To our urban landscape of stone and steel comes the eloquent evangelist of the outdoors. His white hair is now like the receding snow of summer and you can see the crevices of time cut into his weathered face. To our life of rigid routine he brings the valuable idea of wandering.
Now he is 62 but he was raised to walk life's lesser-known trails. Your childhood holidays might have been in city hotels, his were in the hills and deserts of a simpler, fantastic world. At 12 - in 1966 - he was walking past Tengboche Monastery in winter time to the base camp of Everest with his father, who would say: "Ah, this is an old broken tent from our Everest expedition."
Yes, the one in 1953 to the very top of the world.
His late father was Edmund, he is Peter, their surname is Hillary, their language was mountains. The snow eventually covers all tracks yet he walked proudly in the footsteps of his father who first climbed Everest with Tenzing Norgay. When Peter reached the summit for the second time in 2002, they spoke on a satellite phone: the father in Auckland, the son crying at 8,848m.
Peter cannot escape his surname and even at US immigration, not famous for its friendliness, it once elicits a smile. As he recounts, the officer says: "'Wait a minute, Hillary. You're not the son of Sir Edmund Hillary?' And I go, 'Yes.' So we ended up having this rather nice short conversation about climbing mountains and what my father had done, which was great, and then he goes back to being an immigration officer, you know: 'You're not going to overstay?'"

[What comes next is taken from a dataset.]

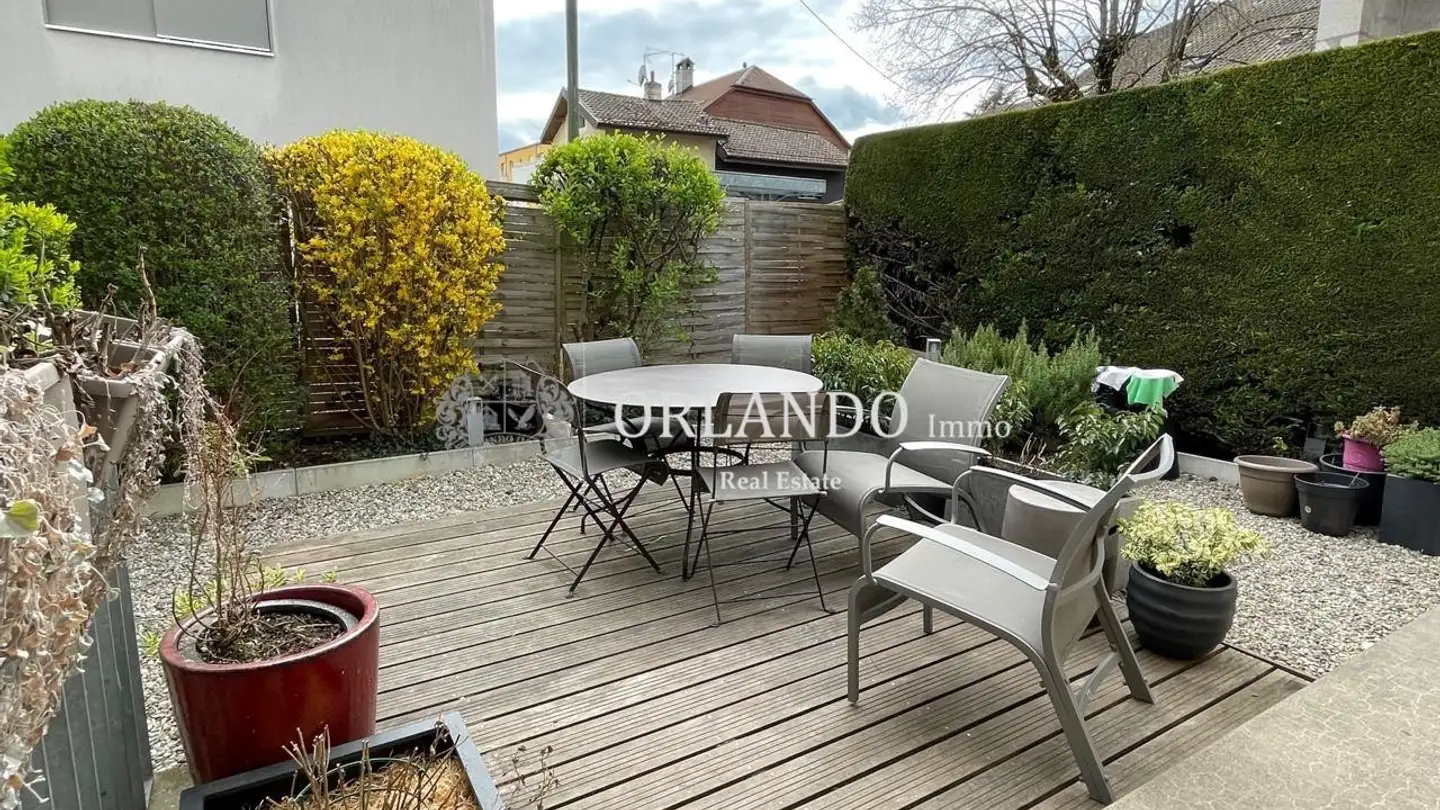 Casa singola in affitto - Rue Virginio- Malnati, 1217 Meyrin - Foto 3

The children of the famous can occasionally wear the scowl of resentment for they are inevitably reduced by being compared to the exceptional deeds of a parent. But Peter seems to have worn any ordeals well and perhaps it helped that he was not the son of a distant writer locked in a study, but of a father who he says "actually shared the experience with us. You know, he took us on expeditions".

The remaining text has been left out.